**AIM OF THE TASK:**
In the data below, repeat the line containing "Tallinn, Mustamäe linnaosa, Mustamäe, Keskuse" and every following line exactly, up to and including the last line. Exclude pictures.

--- DATA EXCERPT Enclosed Below ---

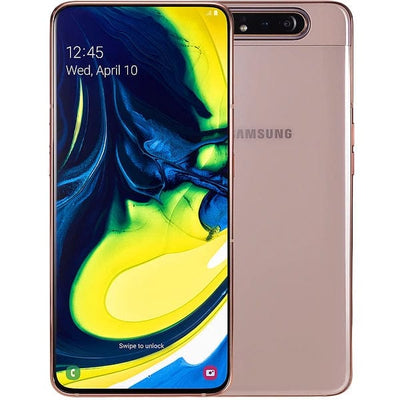 Samsung Galaxy A80 SM-A805F-DS 128GB Dual-SIM (GSM Only, No CDMA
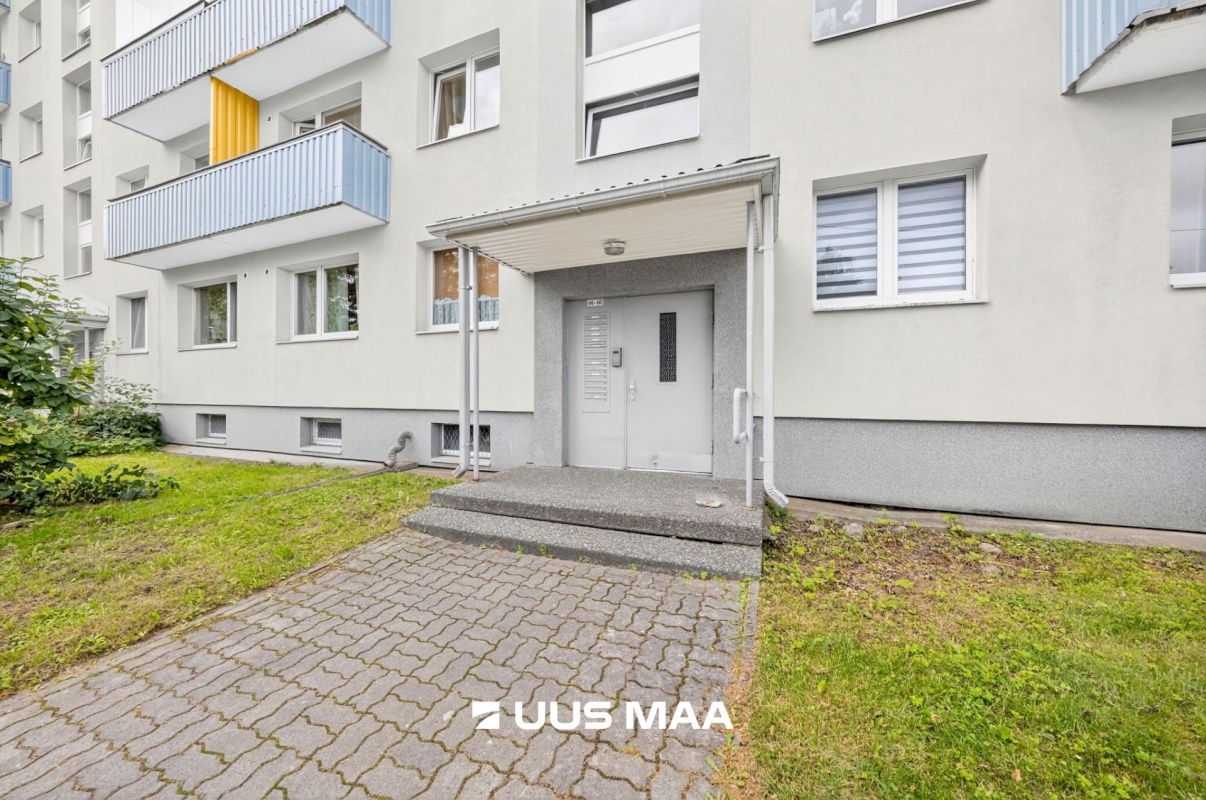 Tallinn, Mustamäe linnaosa, Mustamäe, Keskuse tn 4a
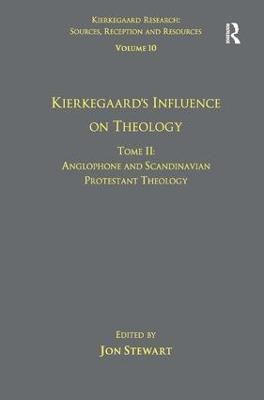 Volume 10, Tome II: Kierkegaard's Influence on Theology(English, Hardcover, unknown)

--- End of Enclosed DATA EXCERPT ---

**ANSWER TO THIS EXERCISE:**
 Tallinn, Mustamäe linnaosa, Mustamäe, Keskuse tn 4a
 Volume 10, Tome II: Kierkegaard's Influence on Theology(English, Hardcover, unknown)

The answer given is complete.